If I told you my weight you’d be shocked. At barely five feet, three inches, the number that registers on the scale is staggering. I’ve even had nurses argue with me about it…as if it can’t be correct. And yet it is no surprise to me. It’s no revelation. It is a number – that’s all.

I’d like to think I’m a superhero. Most people couldn’t carry around an extra two hundred pounds, day-in and day-out. And yet I do it each and every day. In my head, I can even click my heels together while doing it!

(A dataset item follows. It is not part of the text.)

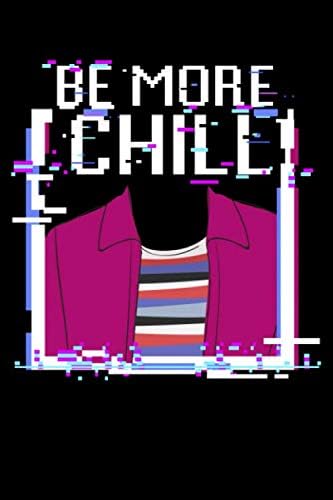 Be More Chill: Chilled Out Chilling Out Lined Notebook Journal Diary 6x9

For close to four decades now I’ve been the fat one. So if past performance gives any indication of things to come, then, you guessed it, I’m going to still be fat next year. And am I a horrible person if I’m pretty much okay with that? What if I told you I never want to be thin?

I’m actually pretty good at this fat thing. I think a lot of people need some ‘fat’ in their lives. In that sense, I’m kind of an ambassador…an ambassador of fat!

But what about your health? And for those who might pose this question of me, I will say that I agree. I’d love to be as healthy as I can be, but it’s all about balance and not all about my weight as you might imagine. I could be very restrictive and lose a lot of weight fairly quickly. I could work really hard and lose slowly. Or I could not do much and maintain. For the first two scenarios, my chances of long term success are slim-to-none. So where’s my incentive? Why would I torture myself with something that I am almost sure to fail at? The math doesn’t work.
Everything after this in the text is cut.